The completion date for the South Third Avenue rebuild will be delayed after crews tore up the road and discovered clay so thick they had to use another piece of construction equipment to pull a motor grader free from its grasp.
Bruce Campbell, assistant city engineer, updated the Marshalltown City Council Monday, saying the road was built directly atop dirt. Over the years, moisture seeped through cracks in the pavement and created roughly 2 feet of clay the consistency of pudding, Campbell said.
"It's nothing but guck," he said. "Those waters would get into the soil and not go anywhere it just soaks up the water and doesn't allow it to go anywhere."
A motor grader is shown here stuck in the mud on South Third Avenue May 17. Laying a geo grid atop the clay to ensure the road has a strong foundation will add roughly $50,000 and a week to the road’s rebuild.
ConStruct Inc., the company doing the rebuild, has already cored out 18 inches of the clay, but crews have to stop somewhere, Campbell said. The only viable option is to lay a geogrid over the top, line the plastic polymer with rock and build the road on that, he said.
Adam Daters, project manager with Clapsaddle Garber Associates, said once the geogrid stabilizes the road, construction can proceed normally. A change order in the amount of roughly $50,000 will be needed to fund the addition.

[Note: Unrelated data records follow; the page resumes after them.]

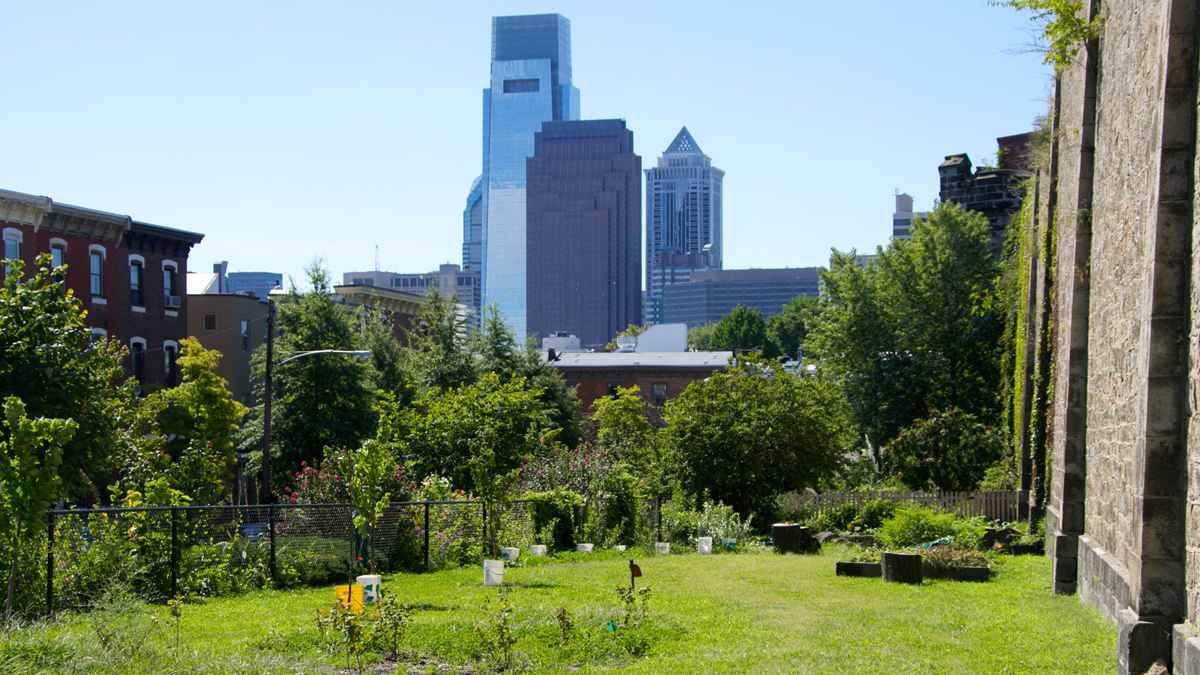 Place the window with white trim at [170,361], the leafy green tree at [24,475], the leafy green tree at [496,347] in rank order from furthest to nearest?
the leafy green tree at [496,347] → the window with white trim at [170,361] → the leafy green tree at [24,475]

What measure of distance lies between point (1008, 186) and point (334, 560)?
31.7 metres

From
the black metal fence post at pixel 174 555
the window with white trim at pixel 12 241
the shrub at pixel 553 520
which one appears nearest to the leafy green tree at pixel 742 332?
the window with white trim at pixel 12 241

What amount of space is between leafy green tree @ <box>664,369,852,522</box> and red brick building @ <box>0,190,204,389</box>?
68.2 ft

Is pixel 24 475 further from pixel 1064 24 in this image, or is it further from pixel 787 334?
pixel 787 334

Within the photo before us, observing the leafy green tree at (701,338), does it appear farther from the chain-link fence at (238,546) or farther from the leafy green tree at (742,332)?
the chain-link fence at (238,546)

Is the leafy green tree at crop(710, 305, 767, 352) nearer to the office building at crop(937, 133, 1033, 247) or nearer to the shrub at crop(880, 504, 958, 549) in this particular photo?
the office building at crop(937, 133, 1033, 247)

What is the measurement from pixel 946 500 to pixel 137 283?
3524 cm

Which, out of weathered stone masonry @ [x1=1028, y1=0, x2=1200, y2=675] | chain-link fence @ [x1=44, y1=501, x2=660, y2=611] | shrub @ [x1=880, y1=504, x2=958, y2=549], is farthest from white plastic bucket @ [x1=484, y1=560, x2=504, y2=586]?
weathered stone masonry @ [x1=1028, y1=0, x2=1200, y2=675]

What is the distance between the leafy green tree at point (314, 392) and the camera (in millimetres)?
50906

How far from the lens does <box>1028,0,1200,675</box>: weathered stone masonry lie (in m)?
10.9

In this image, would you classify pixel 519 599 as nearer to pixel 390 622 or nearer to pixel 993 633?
pixel 390 622

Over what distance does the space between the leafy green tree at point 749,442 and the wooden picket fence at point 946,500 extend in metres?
1.14

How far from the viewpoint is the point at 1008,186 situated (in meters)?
46.2

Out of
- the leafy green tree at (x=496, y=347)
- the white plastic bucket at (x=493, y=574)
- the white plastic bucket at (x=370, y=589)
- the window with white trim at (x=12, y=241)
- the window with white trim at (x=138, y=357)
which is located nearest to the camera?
the white plastic bucket at (x=370, y=589) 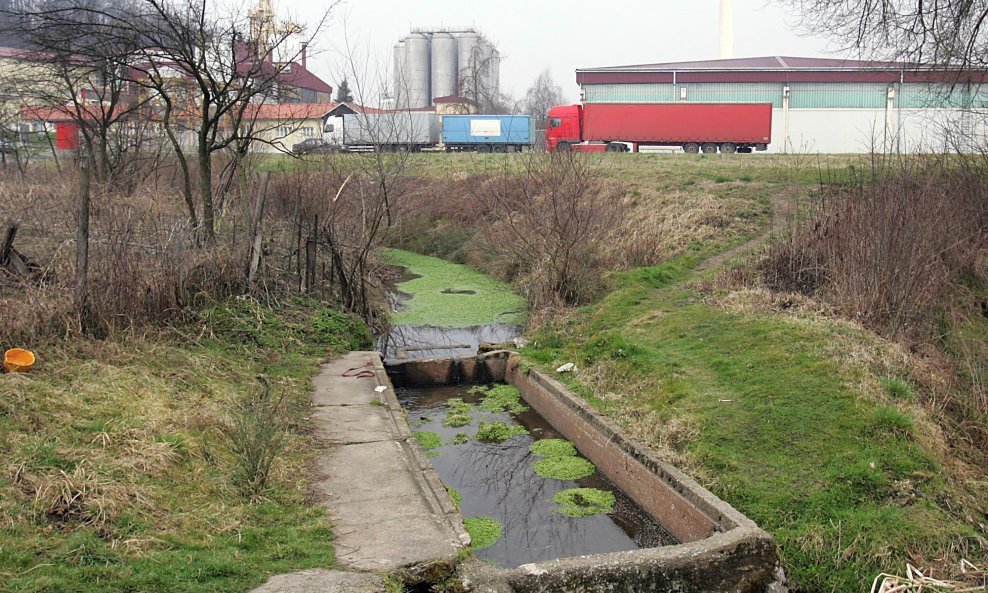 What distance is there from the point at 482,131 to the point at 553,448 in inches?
1650

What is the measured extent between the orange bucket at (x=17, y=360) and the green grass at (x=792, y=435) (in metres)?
6.09

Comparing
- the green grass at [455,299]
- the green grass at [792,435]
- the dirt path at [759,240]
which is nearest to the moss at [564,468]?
the green grass at [792,435]

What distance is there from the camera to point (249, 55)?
557 inches

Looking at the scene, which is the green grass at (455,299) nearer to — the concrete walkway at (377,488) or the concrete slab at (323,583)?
the concrete walkway at (377,488)

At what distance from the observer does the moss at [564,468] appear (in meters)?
9.27

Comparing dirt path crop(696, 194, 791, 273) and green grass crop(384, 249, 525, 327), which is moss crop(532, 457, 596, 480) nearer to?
green grass crop(384, 249, 525, 327)

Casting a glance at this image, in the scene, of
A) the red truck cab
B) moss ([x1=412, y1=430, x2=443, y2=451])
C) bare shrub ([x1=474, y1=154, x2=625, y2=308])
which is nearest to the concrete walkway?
moss ([x1=412, y1=430, x2=443, y2=451])

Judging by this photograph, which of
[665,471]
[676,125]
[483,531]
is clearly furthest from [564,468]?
[676,125]

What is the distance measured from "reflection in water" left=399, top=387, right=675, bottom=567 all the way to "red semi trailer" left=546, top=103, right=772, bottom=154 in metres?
33.9

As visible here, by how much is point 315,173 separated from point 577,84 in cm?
3766

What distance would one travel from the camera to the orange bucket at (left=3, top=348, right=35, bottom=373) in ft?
25.3

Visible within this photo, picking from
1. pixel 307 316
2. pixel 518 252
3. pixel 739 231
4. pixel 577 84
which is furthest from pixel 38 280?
pixel 577 84

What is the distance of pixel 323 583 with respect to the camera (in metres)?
5.26

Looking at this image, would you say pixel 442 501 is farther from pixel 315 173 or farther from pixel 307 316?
pixel 315 173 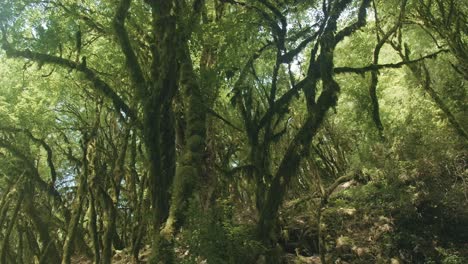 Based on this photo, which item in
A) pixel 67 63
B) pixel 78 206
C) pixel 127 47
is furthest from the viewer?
pixel 78 206

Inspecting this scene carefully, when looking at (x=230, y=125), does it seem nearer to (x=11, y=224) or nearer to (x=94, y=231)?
(x=94, y=231)

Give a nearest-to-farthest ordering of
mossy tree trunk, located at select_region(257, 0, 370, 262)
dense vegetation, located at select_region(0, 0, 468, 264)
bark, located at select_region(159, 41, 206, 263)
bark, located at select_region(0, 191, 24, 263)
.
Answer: bark, located at select_region(159, 41, 206, 263)
dense vegetation, located at select_region(0, 0, 468, 264)
mossy tree trunk, located at select_region(257, 0, 370, 262)
bark, located at select_region(0, 191, 24, 263)

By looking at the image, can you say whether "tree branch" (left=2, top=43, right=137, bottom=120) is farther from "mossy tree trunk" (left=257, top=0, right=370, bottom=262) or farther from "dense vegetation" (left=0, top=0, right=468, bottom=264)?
"mossy tree trunk" (left=257, top=0, right=370, bottom=262)

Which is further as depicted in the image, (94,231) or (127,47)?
(94,231)

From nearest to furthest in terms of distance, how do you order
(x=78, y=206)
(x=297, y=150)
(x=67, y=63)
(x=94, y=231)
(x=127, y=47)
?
1. (x=127, y=47)
2. (x=297, y=150)
3. (x=67, y=63)
4. (x=78, y=206)
5. (x=94, y=231)

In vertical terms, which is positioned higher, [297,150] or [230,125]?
[230,125]

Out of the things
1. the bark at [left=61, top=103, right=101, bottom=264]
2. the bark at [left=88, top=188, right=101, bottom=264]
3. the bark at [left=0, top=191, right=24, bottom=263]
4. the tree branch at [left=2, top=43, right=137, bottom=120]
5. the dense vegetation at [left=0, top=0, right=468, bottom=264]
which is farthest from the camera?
the bark at [left=0, top=191, right=24, bottom=263]

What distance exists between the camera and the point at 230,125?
1223 centimetres

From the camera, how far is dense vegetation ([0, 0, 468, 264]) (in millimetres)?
8758

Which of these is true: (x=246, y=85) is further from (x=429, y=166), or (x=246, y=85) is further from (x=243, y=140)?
(x=429, y=166)

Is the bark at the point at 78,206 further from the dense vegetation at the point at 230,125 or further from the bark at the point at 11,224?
the bark at the point at 11,224

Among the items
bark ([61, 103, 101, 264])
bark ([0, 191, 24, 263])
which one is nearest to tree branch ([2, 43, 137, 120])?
bark ([61, 103, 101, 264])

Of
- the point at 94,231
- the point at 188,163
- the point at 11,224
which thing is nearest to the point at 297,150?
the point at 188,163

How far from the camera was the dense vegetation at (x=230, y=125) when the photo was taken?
28.7ft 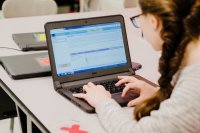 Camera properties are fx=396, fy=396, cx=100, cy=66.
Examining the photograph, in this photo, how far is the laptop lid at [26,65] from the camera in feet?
5.34

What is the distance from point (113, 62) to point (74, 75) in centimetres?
18

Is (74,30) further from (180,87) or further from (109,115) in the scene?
(180,87)

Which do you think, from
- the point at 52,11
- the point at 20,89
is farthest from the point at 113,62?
the point at 52,11

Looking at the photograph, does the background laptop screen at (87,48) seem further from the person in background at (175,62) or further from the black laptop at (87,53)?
the person in background at (175,62)

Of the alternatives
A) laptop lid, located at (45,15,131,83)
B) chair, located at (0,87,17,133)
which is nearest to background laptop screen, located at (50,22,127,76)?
laptop lid, located at (45,15,131,83)

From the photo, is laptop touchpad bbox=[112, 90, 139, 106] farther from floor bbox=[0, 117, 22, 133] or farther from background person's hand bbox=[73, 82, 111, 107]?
floor bbox=[0, 117, 22, 133]

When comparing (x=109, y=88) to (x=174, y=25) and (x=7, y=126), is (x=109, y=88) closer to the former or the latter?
(x=174, y=25)

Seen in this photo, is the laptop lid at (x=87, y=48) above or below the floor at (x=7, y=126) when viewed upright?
above

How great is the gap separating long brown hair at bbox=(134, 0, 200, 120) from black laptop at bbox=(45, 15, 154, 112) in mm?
402

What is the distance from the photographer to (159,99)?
1.17m

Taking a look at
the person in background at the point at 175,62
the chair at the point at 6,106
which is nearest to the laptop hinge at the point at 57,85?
the person in background at the point at 175,62

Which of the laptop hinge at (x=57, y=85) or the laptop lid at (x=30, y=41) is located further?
the laptop lid at (x=30, y=41)

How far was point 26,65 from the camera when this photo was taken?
1713 mm

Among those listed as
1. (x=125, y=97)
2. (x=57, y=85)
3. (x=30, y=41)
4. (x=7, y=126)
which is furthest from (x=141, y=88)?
(x=7, y=126) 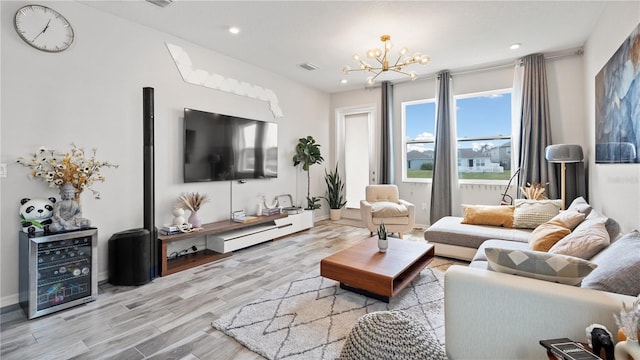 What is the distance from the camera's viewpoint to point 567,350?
1.02m

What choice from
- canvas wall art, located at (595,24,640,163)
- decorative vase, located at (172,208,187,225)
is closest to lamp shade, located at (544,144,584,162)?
canvas wall art, located at (595,24,640,163)

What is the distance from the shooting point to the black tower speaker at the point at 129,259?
2832mm

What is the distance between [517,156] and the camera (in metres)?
4.46

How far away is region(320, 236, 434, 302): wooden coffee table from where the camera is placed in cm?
233

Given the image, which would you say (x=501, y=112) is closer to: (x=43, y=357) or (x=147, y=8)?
(x=147, y=8)

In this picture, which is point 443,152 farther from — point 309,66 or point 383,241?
point 383,241

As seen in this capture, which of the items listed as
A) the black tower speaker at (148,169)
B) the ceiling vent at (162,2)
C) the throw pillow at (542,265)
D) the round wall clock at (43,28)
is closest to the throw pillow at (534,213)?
the throw pillow at (542,265)

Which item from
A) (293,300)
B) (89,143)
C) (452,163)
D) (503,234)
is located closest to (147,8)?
(89,143)

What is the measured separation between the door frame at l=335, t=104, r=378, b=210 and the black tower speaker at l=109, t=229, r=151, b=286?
427 cm

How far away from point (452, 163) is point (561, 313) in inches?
160

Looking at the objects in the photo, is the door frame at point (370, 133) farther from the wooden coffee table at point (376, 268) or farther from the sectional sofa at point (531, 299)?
the sectional sofa at point (531, 299)

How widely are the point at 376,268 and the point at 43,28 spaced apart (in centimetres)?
362

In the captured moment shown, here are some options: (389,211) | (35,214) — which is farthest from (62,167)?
(389,211)

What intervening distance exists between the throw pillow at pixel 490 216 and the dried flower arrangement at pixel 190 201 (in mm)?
3395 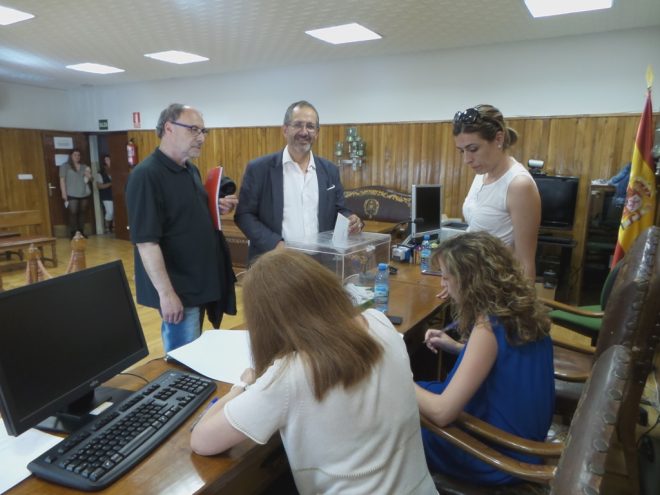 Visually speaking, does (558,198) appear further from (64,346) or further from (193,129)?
(64,346)

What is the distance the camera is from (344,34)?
4.67 meters

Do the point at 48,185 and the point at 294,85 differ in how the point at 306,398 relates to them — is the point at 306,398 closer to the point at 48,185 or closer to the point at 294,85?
the point at 294,85

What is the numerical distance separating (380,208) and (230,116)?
301cm

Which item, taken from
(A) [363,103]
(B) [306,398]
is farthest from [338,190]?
(A) [363,103]

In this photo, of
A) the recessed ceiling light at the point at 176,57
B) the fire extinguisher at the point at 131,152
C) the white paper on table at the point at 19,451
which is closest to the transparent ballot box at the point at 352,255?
the white paper on table at the point at 19,451

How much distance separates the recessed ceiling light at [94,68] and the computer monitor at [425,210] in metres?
5.52

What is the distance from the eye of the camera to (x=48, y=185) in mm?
8398

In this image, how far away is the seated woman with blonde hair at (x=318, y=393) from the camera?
3.00 ft

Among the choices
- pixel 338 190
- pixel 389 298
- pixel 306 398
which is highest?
pixel 338 190

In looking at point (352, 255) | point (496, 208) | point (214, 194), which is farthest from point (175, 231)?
point (496, 208)

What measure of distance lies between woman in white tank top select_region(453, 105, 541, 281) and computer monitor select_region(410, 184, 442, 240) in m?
0.93

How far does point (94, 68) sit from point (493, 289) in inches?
Answer: 284

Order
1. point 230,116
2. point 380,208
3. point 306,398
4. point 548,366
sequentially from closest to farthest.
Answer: point 306,398 < point 548,366 < point 380,208 < point 230,116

However, Campbell said because bids for several road projects came in under the engineer's estimate earlier this year, the city can afford the change order, and it will not put the city over the amount budgeted for road work this year.
Crews originally had 60 calendar days to complete the rebuild, but Daters said the setback could add another week or more to the project's completion date. He said the change order takes into account how much clay crews have already encountered as well how much CGA anticipates encountering on the remaining stretch of street being rebuilt.
Campbell said clay is of the same sort crews encountered on Nicholas Drive. So far, crews have found 250 lineal feet of the clay.
Dealing with the material is difficult, Daters said.
"This isn't even really mud," he said. "It doesn't even dry out."